Begin forwarded message:
From: David Simon <davidworld2@me.com>
Date: February 15, 2018 at 8:57:58 AM EST





DO NOT MISS ME WHEN I’M GONE


I died.  Yesterday.  

I was sitting next to Diane Henley, the prettiest girl in school who I have never had the courage to talk to.

But she was on my mind.   Just like always.

I could smell her perfume, the one that I wished that I could somehow package, like in a  little ring box, so I could carry her home with me and at night, I could open it up like I was popping the question and then I would have the courage to talk to her.

Right before I died, I was pretending that she and I were dating and I was imagining a magical moment like it was snowing right here in Florida for the first time ever, like on Christmas morning.

In my daydream, we were sitting in study hall and when the snow started, everyone ran excitedly to the window, because none of us had ever seen anything like it before.  Was this God’s gift to us for graduation?

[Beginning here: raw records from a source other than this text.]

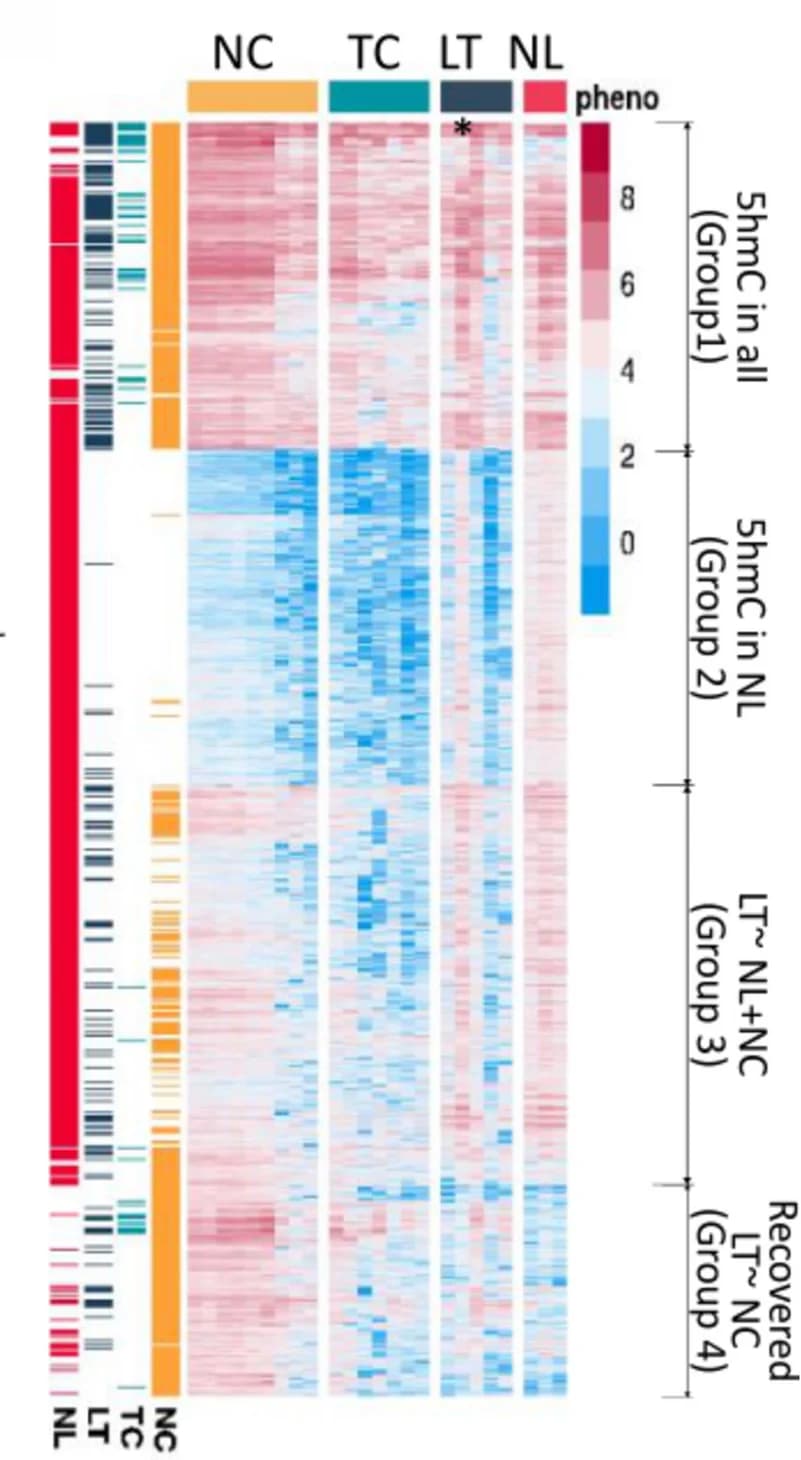 Open access visualization of Heatmap, Clustered, 5hmC Profiles, CRC Tumor Progression, Normal Liver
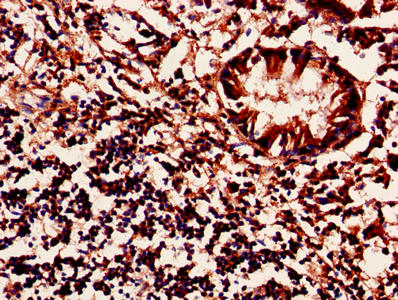 Anti-MRPL54 Antibody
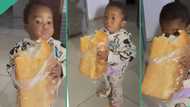 "Her Christmas has started": Child excitedly grabs big loaf of bread, eats it in viral video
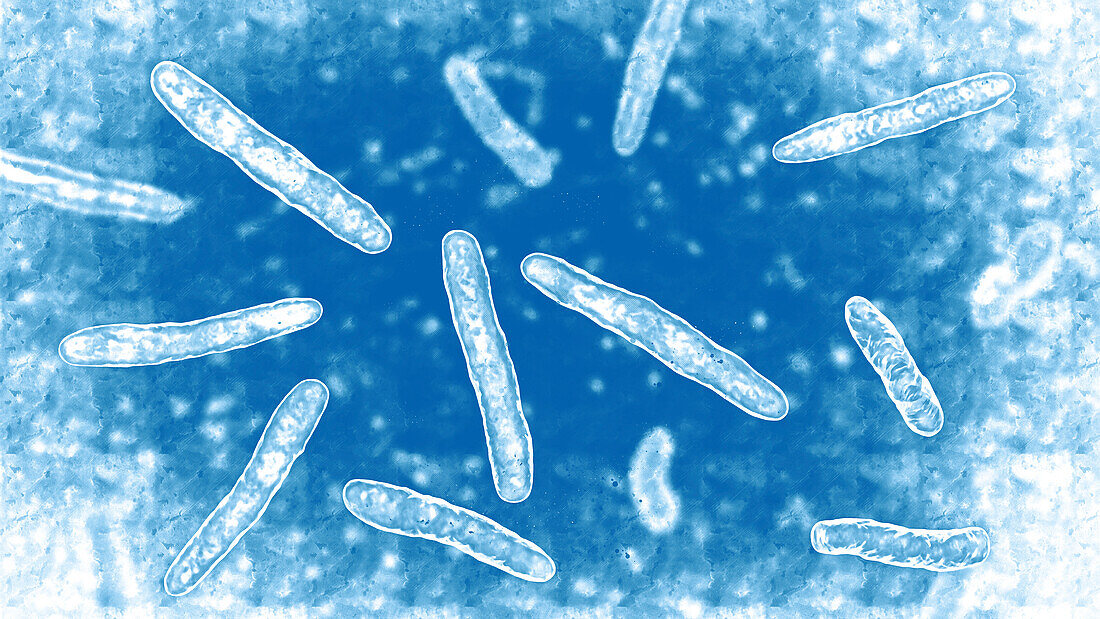 Mycobacterium bovis bacteria, illustration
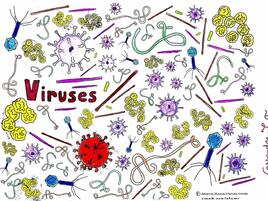 colorful illustration of viruses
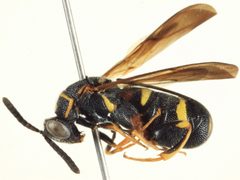 Leucospis affinis by CBG Photography Group, Centre for Biodiversity Genomics. Used under a CC0 license.
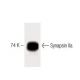 Synapsin IIa Antibody (1) - Western Blotting - Image 60458 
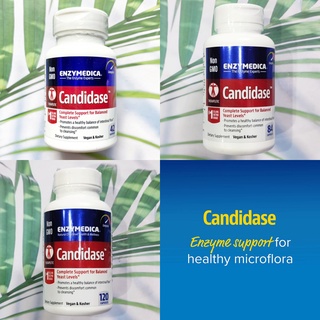 59% OFF ราคา Sale!! EXP:12/2023 (Enzymedica®) Candidase 42, 84 or 120 Capsules อาหารเสริม แคนดิดาส สุขภาพของลำไส้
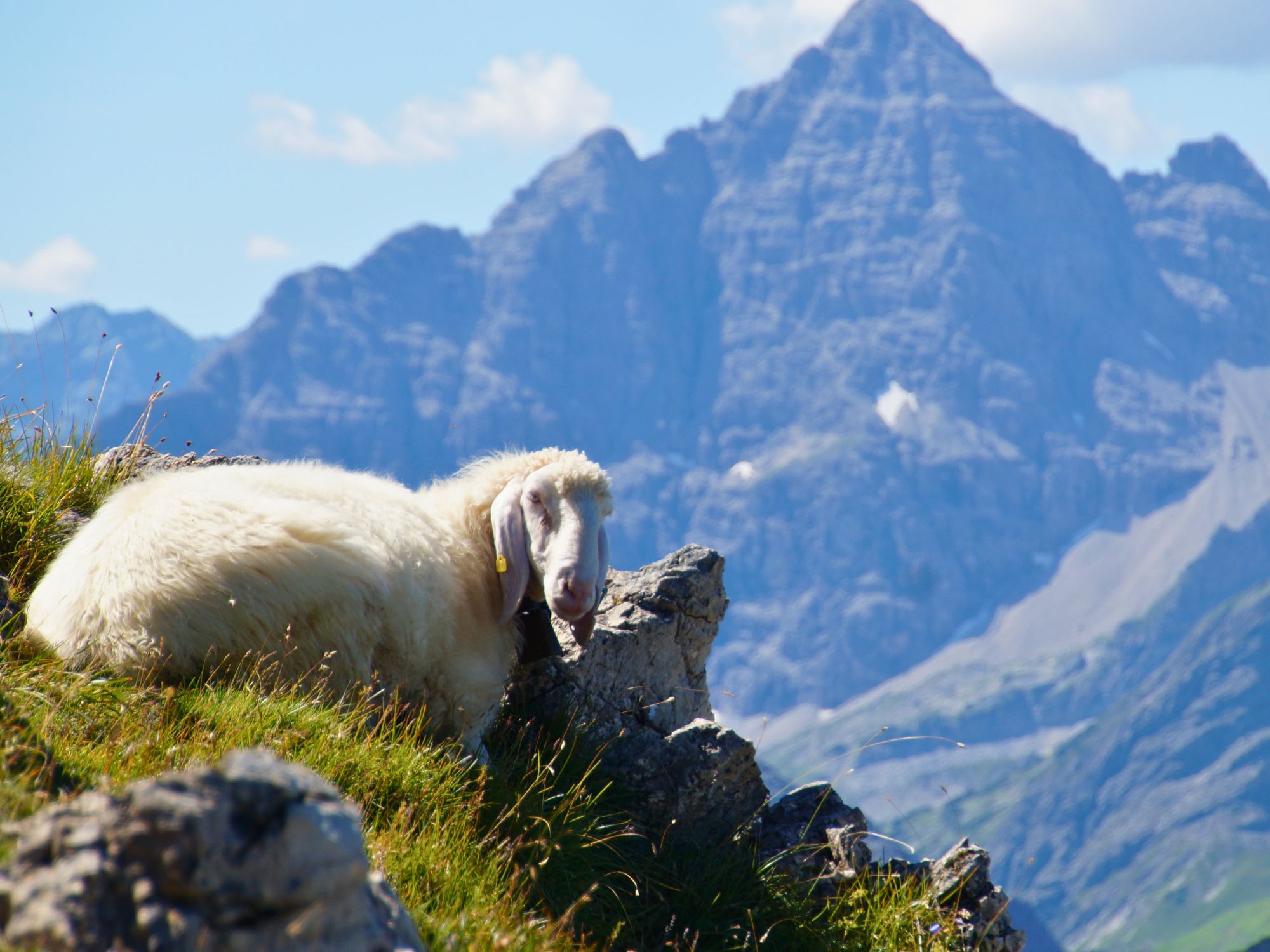 Weißes Schaf auf einer Almwiese mit Blick auf den Hochvogel in den Allgäuer Alpen – aufgenommen Umgebung Ferienhof Eger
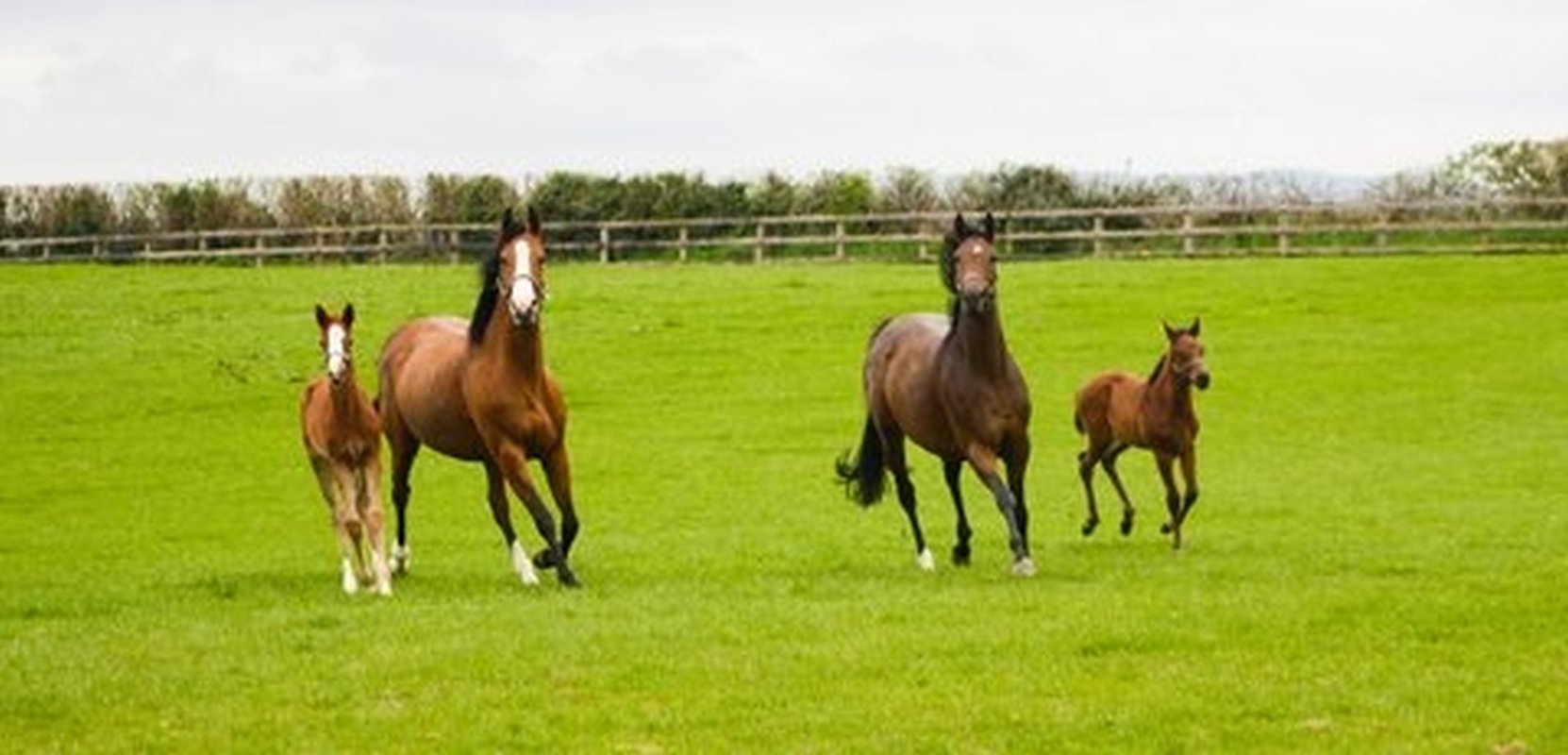 Equine Herpes Virus Crisis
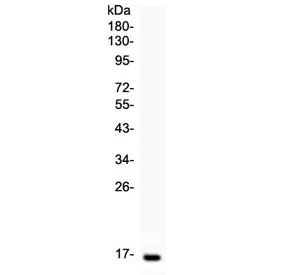 Leptin Antibody / LEP - image 1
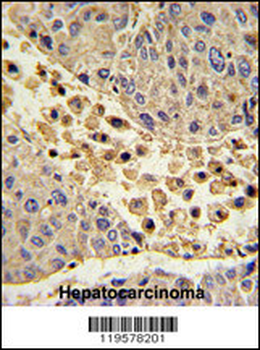 COLEC11 Antibody (N-term)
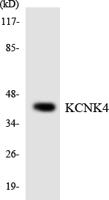 TRAAK Polyclonal Antibody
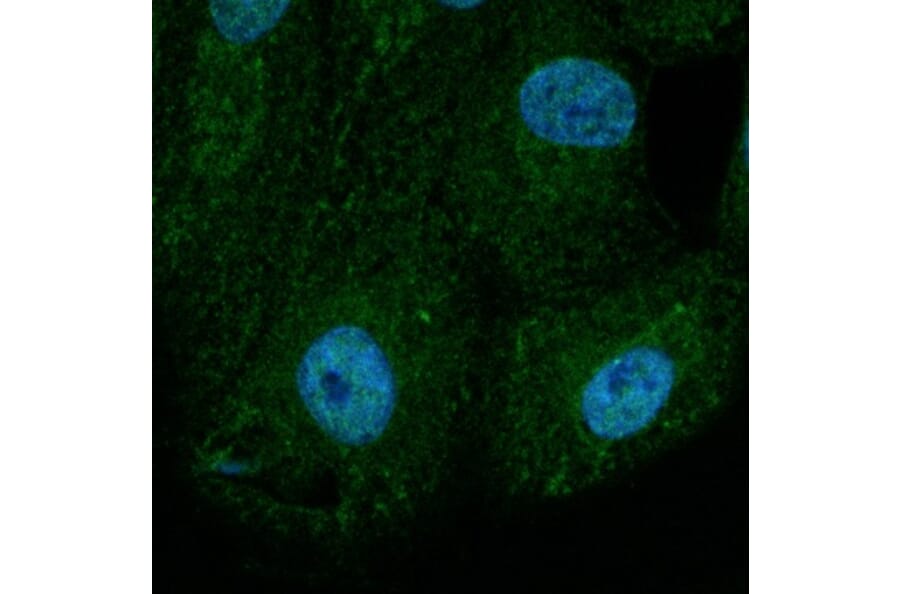 Immunoflouroscence - Anti-BAX Antibody (AB0164) - Antibodies.com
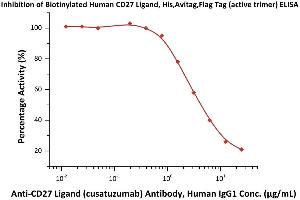 Serial dilutions of A Ligand (cusatuzumab) Antibody, Human IgG1 were added into Human CD27, Fc Tag (ABIN2180735,ABIN2180734) : Biotinylated Human CD27 Ligand, His,Avitag,Flag Tag (active trimer) (MALS verified) (ABIN6951035,ABIN6952257) binding reactions.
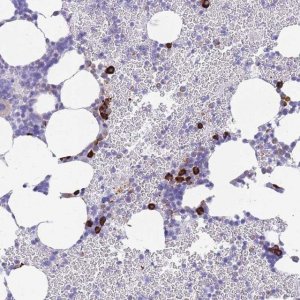 Anti-ZFP62 antibody produced in rabbit 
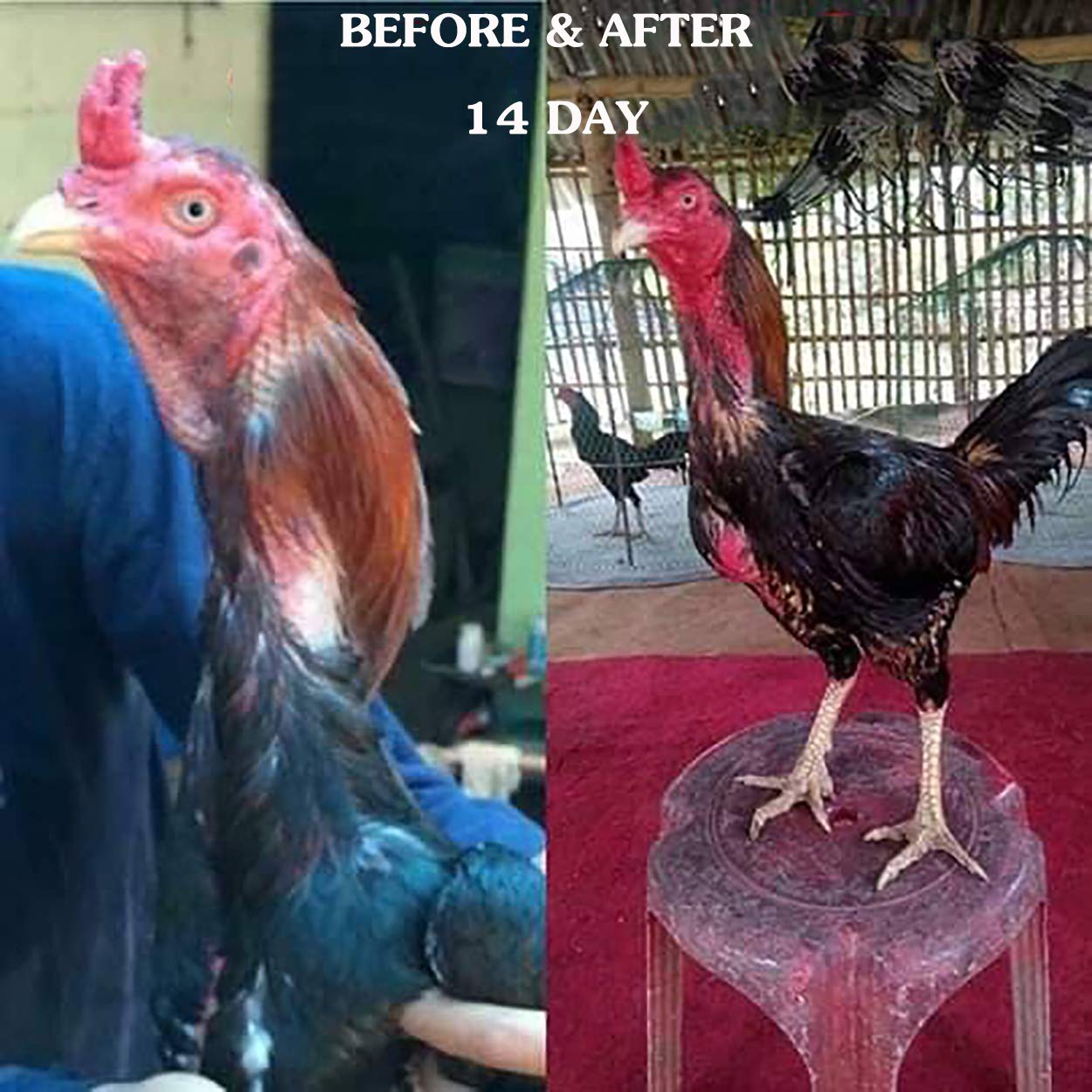 Health Supplement Capsules Rooster Booster Chicken Feed D Enzyme Absorb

Diane was like a little girl, jumping up and down and that kind of broke my heart and made me want to cry because I couldn’t believe that she could look even prettier.

That’s when she suddenly turned to me and said, “Do you want to go outside with me?”

We ran down the stairs like we had wings on our ankles and burst out the front doors of school and immediately started to dance in the snow, like Belle and the Beast.  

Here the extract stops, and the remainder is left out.